I said to my co-worker....; "That's what the team should be called; "The Toronto Huskies".

He explained..... new franchises, trying to re-coup their hundreds of millions in franchise entrance costs, will pick a team name based on how many jerseys and bits of branded paraphernalia they can sell in the first few years.... mostly to excitable children. (The league usually splits up revenue on jersey sales and the like... to be fair to small market teams.... but, new franchises can keep all their profits the first few years from this merchandising shit.)

So... they named their franchise; 'The Toronto Raptors'.(... though I haven't seen the box office numbers, evidently Toronto loved "Jurassic Park".....; "Ok... we're all agreed.... there's no way this ever gets old or dated.")

Look..... fun's fun..... but, it's time to change it back.

If we're all cheering for our hometown jersey(... and, we are)... then that jersey.... that team name... should say something about the city it represents.

It should say..... 'this is our team, and no one else's'.

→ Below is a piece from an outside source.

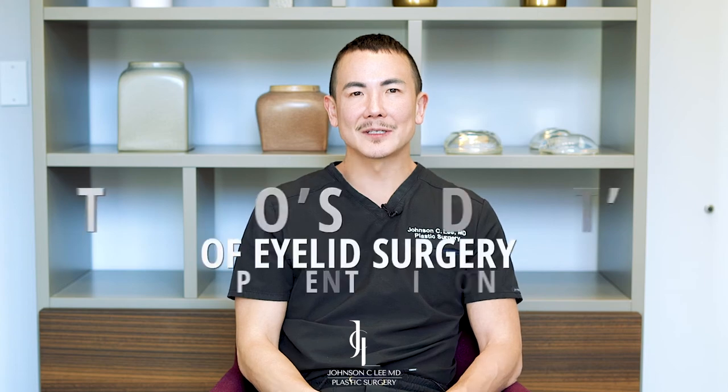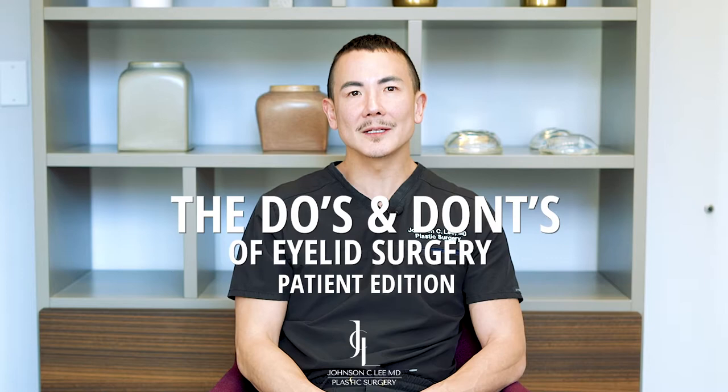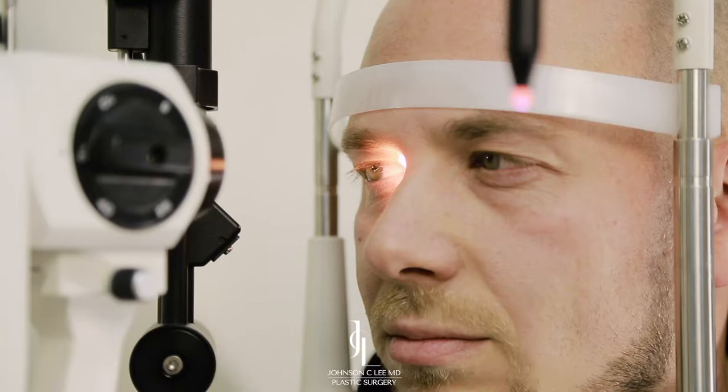Hi, it's Dr. Lee. Today I'll be talking about the do's and don'ts of blepharoplasty, or eyelid surgery. For my eyelid surgery patients, I'd like for you to come in. We'll definitely have a talk to see what the right surgery is for you, but I also do a full vision exam to make sure that the surgery is going to be safe for you.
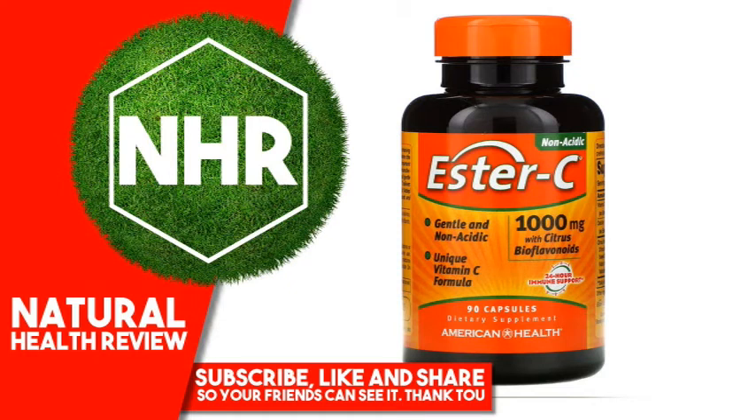American Health Ester C with Citrus Bioflavonoids, 1000 mg, 90 capsules. Product Overview Description: The Better Vitamin C — Non-Acidic, Gentle and Non-Acidic Patented Vitamin C Formula. Immune Support Dietary Supplement, Non-GMO. Ester C is a breakthrough patented vitamin C formula supported with naturally occurring metabolites. Metabolites help enhance the absorption of vitamin C by your white blood cells, an important part of your immune system.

The Detroit Pistons..... Houston Rockets.... Boston Celtics. They say something about their community.... and, weave themselves into the fabric of the place.... so, players may come and go but, our Pittsburgh Steelers, that's forever. (Shit.... our own Toronto Maple Leafs... the colors, the nickname, the culture.... are knit into the tapestry of our town.)

It is certainly not without precedent that a team will change its name.... in wanting to distance themselves from the gun violence rampant in Washington DC's inner city.... the Washington Bullets... became the Washington Wizards.(... and, like magic.... no one ever shot anyone else again in Washington... and they say, that day, legendary Bullets center Wes Unseld's heart grew five sizes in his chest.... but, that could've been a pre-existing, Andre the Giant-like, pituitary condition.)

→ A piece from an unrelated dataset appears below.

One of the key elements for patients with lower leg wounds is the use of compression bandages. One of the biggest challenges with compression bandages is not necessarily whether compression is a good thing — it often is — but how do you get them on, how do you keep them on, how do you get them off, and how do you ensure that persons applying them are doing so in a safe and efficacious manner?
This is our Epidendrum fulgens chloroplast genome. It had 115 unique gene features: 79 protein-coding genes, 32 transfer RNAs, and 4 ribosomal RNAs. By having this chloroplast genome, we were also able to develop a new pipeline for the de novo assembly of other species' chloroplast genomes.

Point is..... we've changed an NBA team name for it's violent connotations..... how about for gayness?

The Toronto Raptors is possibly the gayest team name in professional sports.(.... at least, until Minneapolis' powerful Gay and Lesbian Alliance successfully change their NFL franchise; the Minnesota Vikings..... to the Minnesota 'Guy Taking A Shot In The Mouth' [.... what... too far?])

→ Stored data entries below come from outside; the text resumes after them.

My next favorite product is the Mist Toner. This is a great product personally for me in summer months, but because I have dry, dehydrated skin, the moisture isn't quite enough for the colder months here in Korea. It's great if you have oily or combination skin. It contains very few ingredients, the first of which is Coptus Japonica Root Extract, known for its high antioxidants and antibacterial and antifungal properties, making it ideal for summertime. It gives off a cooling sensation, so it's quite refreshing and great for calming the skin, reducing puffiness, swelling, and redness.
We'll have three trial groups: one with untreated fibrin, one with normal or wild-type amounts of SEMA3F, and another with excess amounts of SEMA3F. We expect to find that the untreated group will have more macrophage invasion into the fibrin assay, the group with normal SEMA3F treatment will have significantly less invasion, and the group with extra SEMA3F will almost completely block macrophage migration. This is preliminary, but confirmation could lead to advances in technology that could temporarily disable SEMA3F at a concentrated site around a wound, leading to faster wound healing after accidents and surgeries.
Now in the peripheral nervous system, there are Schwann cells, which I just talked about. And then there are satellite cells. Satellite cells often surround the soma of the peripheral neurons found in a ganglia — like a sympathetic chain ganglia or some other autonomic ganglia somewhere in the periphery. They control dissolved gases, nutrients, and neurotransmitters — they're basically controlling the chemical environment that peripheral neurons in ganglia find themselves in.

.... this free idea is really an appeal to current ownership.... and, specifically, current GM wunderkind Bryan Colangelo(... who surely would've stopped reading after that last joke )..... to re-brand their professional basketball team.

That.... Mr. Colangelo.... would be your ultimate, lasting legacy with this franchise.... that would far surpass any and every player you might sign or trade.

I've been beating this "Toronto Huskies" drum since 1995..... but, only because I know the difference it could make in reinforcing a bond with the city and the team.

(... at least until someone finally takes my write-in suggestion to capitalize on the relatively lax marijuana laws here in Canada.... wait for it..... "The Toronto Bong". And, on the jersey.... just a giant baby taking a hit off our iconic CN Tower. Pretty good, huh? Imagine player X walks into a press scrum after a bad loss....; "Yeah, the 'Bong' took a hit tonight. But, it's a long season and we're far from smoked out. Just putting it out there. :)

....... now..... what do these three disparate ideas have to do with our ongoing chronicle of making our "Let's Make Politics!" show?

Honestly.... not, a whole fuck of a lot.

But...... there's something to 'just putting it out there' (see the Submit and Release post)..... "if you love something... set it free", n' all.

'Freely' giving away the ideas and inspirations for the show we're making here(... against strong, strident advice from 'industry types').... that's what blogging about the process of making this show is about..... demonstrating that we are greater than our ideas.... we are the source of those ideas.

Ideas, in these instances, I was never gonna devote myself to... surely not to the extent necessary to actually see them come to fruition.

Ideas are worth absolutely nothing.... unless you do something with them.

As I get into the notion of idea ownership and intellectual property(... and, other contradictions in terms) in the next couple posts, I wanted to put these out there.

Take them.... ignore them..... make millions..... make hay.

Just... send me a souvenir jersey for that new Minnesota football franchise.(... if you keep the 'Viking guy'.... you could just splatter yogurt on the logo... then, make him awkwardly smile through one sticky, winking eye, as he tries to maintain his dignity...... [Ok, that was definitely too far] :)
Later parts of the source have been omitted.